Task to carry out: Across the entries below, how many lines include the word "World"? Reply with only the number.

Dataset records
+ + + + +
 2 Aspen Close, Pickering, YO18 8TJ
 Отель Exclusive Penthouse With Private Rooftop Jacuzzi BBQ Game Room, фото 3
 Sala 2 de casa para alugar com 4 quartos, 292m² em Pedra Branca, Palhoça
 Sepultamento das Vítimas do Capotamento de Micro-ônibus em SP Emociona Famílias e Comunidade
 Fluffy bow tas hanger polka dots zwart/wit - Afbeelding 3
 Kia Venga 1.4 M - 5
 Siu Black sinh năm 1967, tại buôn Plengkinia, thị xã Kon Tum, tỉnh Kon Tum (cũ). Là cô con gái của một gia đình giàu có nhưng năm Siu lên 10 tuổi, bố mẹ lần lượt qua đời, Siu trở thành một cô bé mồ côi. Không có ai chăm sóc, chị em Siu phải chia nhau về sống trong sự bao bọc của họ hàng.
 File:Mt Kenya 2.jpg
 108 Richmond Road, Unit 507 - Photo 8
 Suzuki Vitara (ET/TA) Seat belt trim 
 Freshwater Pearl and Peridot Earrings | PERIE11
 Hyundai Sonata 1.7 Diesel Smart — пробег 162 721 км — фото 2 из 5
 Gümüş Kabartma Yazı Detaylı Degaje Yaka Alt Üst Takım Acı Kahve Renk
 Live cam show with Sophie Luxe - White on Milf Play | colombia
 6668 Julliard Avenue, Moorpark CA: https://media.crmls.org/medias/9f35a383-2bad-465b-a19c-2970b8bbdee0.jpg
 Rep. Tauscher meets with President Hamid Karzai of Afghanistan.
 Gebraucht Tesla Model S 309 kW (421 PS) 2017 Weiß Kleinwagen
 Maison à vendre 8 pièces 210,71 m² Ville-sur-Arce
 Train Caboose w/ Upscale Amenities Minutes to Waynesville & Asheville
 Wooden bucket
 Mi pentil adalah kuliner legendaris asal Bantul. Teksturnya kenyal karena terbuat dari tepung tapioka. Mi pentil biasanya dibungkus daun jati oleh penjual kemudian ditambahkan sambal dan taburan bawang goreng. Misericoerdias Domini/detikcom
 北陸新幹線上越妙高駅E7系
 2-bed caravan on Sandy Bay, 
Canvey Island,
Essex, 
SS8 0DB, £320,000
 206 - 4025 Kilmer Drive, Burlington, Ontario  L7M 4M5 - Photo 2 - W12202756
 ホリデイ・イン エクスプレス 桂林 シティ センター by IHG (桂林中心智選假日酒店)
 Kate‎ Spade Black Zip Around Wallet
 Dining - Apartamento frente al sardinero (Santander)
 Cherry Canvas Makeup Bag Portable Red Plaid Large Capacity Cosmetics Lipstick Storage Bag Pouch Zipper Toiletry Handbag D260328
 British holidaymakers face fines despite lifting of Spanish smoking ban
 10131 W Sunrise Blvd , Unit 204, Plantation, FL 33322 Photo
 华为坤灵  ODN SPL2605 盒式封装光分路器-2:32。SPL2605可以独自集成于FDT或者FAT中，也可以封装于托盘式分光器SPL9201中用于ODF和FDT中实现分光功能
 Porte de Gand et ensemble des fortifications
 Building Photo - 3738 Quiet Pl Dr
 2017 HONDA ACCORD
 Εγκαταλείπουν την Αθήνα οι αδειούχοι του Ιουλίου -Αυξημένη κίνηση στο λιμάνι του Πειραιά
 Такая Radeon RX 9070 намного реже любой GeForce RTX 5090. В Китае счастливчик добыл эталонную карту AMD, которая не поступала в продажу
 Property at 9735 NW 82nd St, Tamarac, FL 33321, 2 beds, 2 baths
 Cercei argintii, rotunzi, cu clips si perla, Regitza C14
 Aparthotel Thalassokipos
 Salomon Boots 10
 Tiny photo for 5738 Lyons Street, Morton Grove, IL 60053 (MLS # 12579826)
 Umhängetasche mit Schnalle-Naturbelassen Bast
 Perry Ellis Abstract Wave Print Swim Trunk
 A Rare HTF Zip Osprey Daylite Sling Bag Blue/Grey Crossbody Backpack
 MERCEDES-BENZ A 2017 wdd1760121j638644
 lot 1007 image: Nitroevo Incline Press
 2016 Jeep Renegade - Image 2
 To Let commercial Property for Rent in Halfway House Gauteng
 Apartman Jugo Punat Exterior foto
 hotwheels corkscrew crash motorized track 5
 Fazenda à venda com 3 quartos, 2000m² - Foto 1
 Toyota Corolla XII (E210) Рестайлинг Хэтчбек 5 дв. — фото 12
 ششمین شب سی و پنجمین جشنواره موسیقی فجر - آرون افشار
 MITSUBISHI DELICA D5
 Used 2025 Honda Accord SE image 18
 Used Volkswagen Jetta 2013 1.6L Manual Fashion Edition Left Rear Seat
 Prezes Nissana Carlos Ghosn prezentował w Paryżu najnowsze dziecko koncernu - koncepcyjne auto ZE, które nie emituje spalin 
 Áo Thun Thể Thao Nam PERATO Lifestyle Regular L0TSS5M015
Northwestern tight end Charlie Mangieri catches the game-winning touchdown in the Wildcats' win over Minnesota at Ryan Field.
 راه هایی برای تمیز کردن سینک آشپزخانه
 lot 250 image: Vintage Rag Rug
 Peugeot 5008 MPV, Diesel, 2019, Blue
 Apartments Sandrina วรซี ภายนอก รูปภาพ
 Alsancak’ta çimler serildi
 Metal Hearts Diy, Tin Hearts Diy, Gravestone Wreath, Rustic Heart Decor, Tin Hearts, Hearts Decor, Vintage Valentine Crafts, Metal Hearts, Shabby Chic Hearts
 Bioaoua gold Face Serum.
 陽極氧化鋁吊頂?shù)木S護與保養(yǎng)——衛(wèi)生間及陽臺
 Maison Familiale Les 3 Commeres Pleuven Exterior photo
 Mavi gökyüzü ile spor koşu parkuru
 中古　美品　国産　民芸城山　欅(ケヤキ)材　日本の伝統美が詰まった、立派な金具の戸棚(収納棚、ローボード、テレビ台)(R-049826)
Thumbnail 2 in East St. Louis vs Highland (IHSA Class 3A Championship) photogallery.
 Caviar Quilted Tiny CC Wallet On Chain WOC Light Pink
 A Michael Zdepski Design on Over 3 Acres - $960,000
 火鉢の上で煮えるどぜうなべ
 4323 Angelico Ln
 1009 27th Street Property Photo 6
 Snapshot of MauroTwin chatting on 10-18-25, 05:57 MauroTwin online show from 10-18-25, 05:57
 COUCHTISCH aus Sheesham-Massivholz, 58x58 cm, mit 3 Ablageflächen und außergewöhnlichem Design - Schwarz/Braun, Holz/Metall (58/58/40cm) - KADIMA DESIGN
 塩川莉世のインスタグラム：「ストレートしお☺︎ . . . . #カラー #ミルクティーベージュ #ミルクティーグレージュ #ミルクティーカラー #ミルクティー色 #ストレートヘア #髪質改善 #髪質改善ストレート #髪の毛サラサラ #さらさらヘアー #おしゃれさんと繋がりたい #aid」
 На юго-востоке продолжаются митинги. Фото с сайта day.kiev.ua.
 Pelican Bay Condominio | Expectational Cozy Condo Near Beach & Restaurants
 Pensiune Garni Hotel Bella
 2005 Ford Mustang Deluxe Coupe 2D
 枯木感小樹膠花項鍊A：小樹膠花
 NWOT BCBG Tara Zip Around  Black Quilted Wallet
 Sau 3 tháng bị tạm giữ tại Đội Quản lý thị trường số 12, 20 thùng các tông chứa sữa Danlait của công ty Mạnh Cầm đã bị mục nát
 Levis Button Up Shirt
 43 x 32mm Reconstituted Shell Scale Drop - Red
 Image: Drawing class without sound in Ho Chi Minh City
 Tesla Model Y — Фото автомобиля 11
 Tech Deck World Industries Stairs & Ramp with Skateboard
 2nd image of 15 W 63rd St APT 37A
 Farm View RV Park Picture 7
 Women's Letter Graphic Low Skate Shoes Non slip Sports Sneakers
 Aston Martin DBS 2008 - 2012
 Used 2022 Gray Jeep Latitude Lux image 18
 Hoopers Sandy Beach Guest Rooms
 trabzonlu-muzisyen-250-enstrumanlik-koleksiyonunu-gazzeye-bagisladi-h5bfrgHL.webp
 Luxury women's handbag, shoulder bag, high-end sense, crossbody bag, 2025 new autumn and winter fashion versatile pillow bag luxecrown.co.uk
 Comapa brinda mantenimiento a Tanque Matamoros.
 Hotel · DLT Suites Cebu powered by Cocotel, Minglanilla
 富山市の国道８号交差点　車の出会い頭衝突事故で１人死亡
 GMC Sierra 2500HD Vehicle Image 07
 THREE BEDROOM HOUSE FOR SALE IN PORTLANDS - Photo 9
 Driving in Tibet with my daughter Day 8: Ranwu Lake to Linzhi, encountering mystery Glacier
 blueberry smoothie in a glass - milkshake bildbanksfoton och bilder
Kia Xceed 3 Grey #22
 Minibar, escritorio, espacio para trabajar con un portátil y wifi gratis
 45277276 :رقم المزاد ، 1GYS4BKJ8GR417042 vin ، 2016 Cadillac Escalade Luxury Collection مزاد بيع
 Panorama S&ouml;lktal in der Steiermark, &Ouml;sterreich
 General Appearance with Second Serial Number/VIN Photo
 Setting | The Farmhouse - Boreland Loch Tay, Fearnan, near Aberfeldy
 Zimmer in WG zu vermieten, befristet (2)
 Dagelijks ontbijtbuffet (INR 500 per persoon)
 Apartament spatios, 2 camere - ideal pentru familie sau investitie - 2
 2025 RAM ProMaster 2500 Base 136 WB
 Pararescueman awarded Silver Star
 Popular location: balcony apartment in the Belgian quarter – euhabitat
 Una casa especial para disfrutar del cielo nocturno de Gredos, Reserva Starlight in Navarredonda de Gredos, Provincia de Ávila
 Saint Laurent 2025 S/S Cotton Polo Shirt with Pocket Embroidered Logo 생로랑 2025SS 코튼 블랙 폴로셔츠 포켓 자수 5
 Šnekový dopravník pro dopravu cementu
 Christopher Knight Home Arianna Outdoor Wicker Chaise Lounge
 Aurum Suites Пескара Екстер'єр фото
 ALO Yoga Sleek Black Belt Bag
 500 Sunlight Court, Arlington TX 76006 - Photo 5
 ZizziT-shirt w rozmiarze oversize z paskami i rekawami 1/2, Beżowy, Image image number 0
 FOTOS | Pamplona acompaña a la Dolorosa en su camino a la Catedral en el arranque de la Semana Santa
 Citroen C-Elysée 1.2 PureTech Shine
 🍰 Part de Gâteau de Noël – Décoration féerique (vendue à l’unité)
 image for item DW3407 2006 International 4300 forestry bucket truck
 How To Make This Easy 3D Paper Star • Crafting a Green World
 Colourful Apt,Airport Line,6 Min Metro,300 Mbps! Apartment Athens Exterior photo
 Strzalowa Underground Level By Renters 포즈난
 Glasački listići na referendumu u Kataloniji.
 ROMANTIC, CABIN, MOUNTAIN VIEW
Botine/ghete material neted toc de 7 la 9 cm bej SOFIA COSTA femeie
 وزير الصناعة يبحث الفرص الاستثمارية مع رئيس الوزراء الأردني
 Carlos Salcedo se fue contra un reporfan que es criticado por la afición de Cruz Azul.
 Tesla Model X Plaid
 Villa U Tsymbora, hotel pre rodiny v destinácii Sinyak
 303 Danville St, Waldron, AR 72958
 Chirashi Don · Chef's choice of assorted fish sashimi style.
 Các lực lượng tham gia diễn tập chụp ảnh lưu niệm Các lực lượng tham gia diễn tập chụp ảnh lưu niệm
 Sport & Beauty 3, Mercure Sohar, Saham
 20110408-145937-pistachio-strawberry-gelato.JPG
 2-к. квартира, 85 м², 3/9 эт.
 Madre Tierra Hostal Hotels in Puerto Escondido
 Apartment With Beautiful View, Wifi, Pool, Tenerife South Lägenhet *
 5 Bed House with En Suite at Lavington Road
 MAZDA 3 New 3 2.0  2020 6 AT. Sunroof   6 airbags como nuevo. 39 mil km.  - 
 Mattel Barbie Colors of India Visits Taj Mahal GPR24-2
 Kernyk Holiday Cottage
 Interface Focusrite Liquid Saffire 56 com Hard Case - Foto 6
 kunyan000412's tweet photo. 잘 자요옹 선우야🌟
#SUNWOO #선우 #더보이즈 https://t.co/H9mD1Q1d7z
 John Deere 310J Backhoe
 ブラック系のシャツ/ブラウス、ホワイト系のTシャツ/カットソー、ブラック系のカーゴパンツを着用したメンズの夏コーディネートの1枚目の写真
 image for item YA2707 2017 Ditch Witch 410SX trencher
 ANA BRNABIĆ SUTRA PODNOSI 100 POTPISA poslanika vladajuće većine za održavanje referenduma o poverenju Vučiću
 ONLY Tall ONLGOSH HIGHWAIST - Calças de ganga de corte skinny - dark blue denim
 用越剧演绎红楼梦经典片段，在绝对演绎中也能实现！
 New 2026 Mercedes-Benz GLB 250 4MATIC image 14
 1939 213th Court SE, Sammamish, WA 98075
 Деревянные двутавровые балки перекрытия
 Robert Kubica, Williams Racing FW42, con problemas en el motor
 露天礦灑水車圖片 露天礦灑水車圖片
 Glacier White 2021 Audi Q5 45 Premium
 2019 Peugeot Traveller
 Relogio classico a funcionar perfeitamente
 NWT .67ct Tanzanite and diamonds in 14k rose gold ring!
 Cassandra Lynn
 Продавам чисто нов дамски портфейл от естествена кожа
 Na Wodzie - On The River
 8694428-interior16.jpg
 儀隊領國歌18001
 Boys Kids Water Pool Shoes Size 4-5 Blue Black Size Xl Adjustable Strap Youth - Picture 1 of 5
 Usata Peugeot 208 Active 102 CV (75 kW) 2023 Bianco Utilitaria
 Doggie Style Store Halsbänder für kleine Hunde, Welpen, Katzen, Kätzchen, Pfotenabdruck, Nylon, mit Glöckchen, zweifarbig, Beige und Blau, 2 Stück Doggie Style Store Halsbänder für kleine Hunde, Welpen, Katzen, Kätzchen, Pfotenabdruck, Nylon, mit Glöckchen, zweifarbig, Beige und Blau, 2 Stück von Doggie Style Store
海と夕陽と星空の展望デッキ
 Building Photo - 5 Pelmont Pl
+ + + + +
Answer section: 2